Records shown:
============

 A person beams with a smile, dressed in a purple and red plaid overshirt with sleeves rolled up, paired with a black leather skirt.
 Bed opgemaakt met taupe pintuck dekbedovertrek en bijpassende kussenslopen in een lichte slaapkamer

============

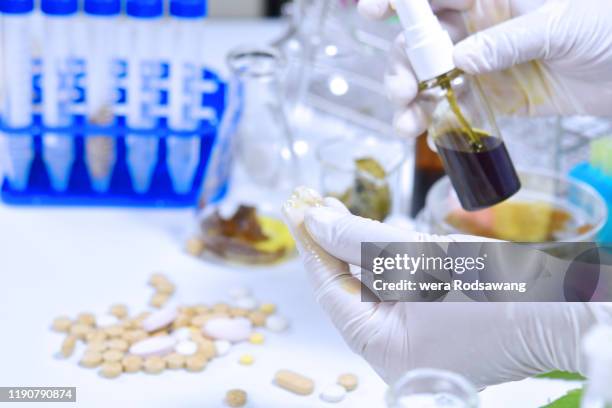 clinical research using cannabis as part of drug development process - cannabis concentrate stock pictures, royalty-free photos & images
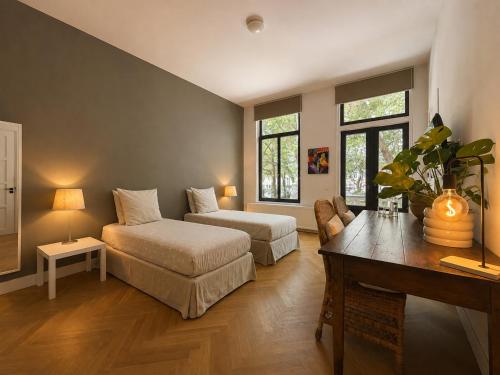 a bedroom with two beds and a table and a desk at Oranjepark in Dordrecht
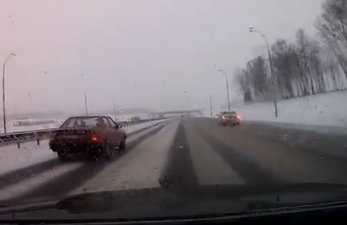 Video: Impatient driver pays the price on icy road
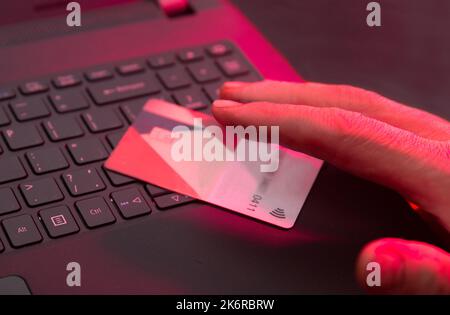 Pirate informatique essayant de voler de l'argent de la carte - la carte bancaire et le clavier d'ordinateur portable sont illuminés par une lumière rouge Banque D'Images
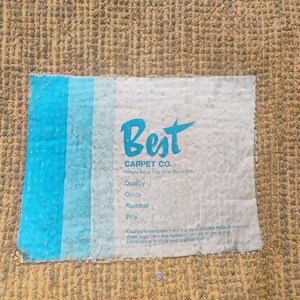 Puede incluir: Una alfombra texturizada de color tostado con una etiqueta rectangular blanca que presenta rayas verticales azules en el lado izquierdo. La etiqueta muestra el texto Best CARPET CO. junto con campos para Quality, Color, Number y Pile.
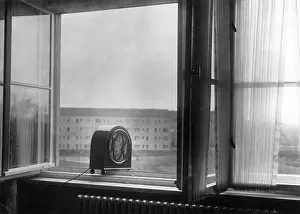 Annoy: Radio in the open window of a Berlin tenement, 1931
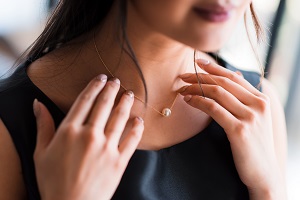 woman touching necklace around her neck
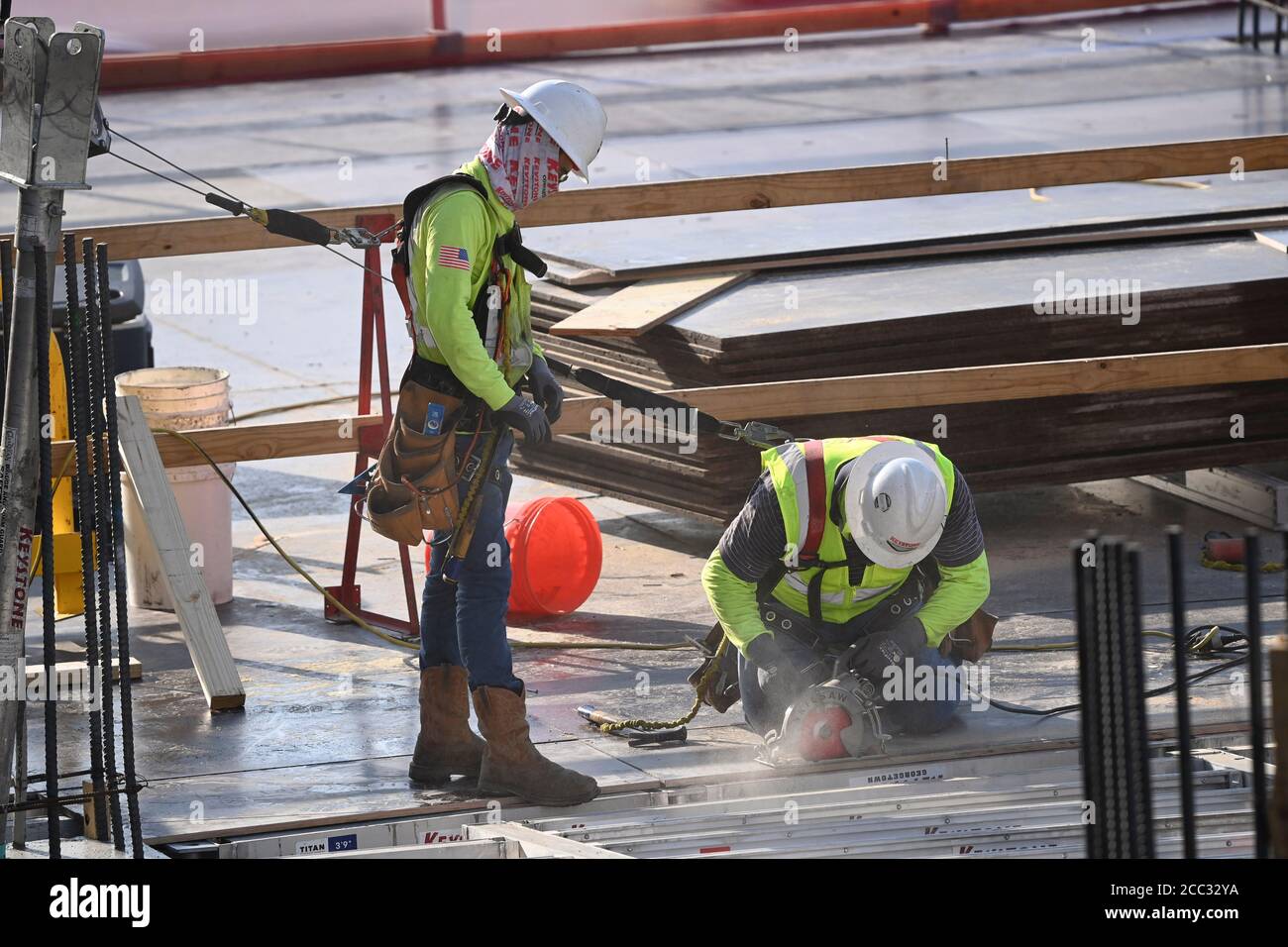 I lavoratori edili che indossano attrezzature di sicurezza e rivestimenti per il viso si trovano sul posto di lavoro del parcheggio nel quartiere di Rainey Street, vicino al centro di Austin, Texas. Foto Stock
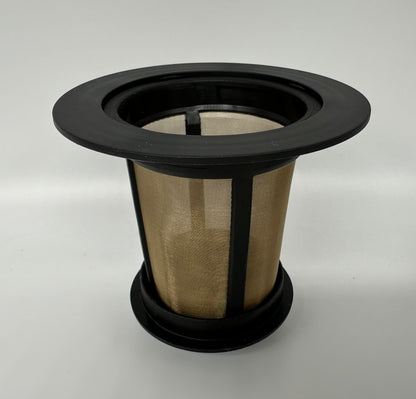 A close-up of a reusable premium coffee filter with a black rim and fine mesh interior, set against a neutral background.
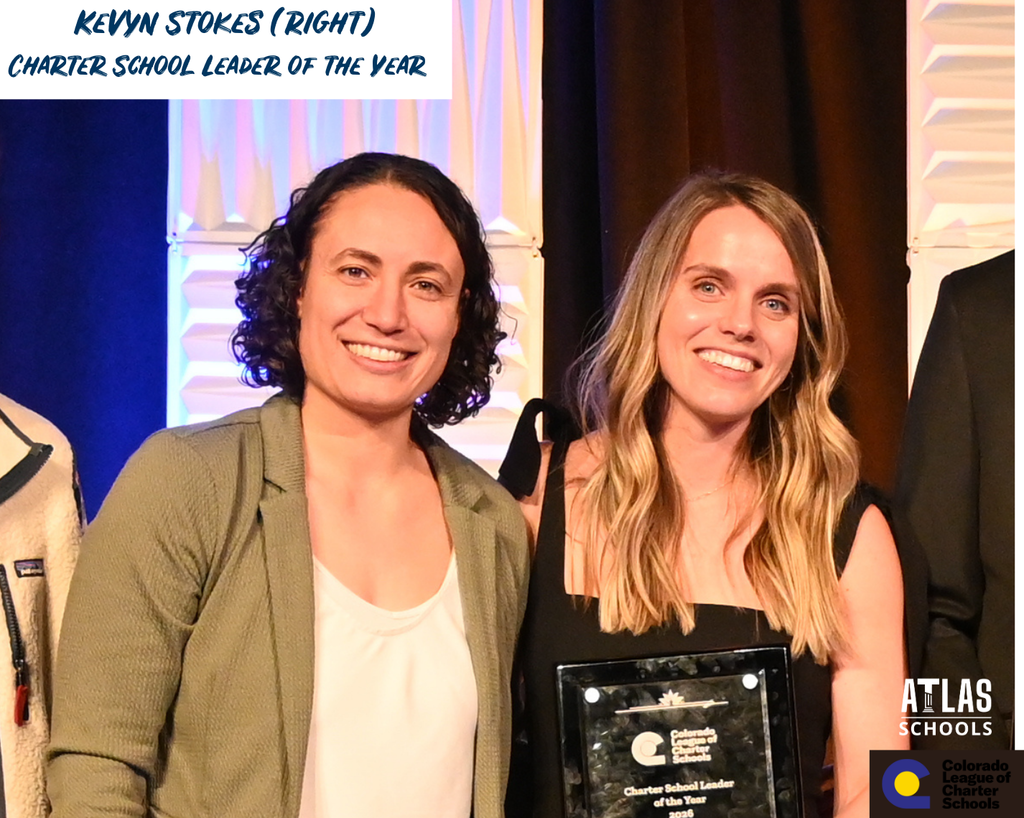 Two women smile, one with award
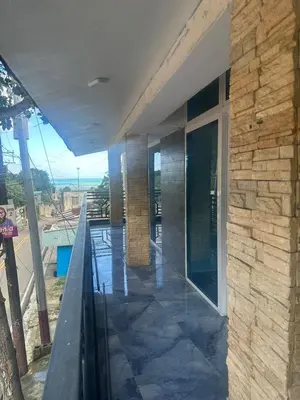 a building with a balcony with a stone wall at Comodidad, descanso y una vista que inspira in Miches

============

Directions: Give back exactly the lines above from the one with "woman touching necklace around her neck" through the one with "a building with", both included. Pictures don't belong in the copy.

Answer to this task:
 woman touching necklace around her neck
 I lavoratori edili che indossano attrezzature di sicurezza e rivestimenti per il viso si trovano sul posto di lavoro del parcheggio nel quartiere di Rainey Street, vicino al centro di Austin, Texas. Foto Stock
 A close-up of a reusable premium coffee filter with a black rim and fine mesh interior, set against a neutral background.
 Two women smile, one with award
 a building with a balcony with a stone wall at Comodidad, descanso y una vista que inspira in Miches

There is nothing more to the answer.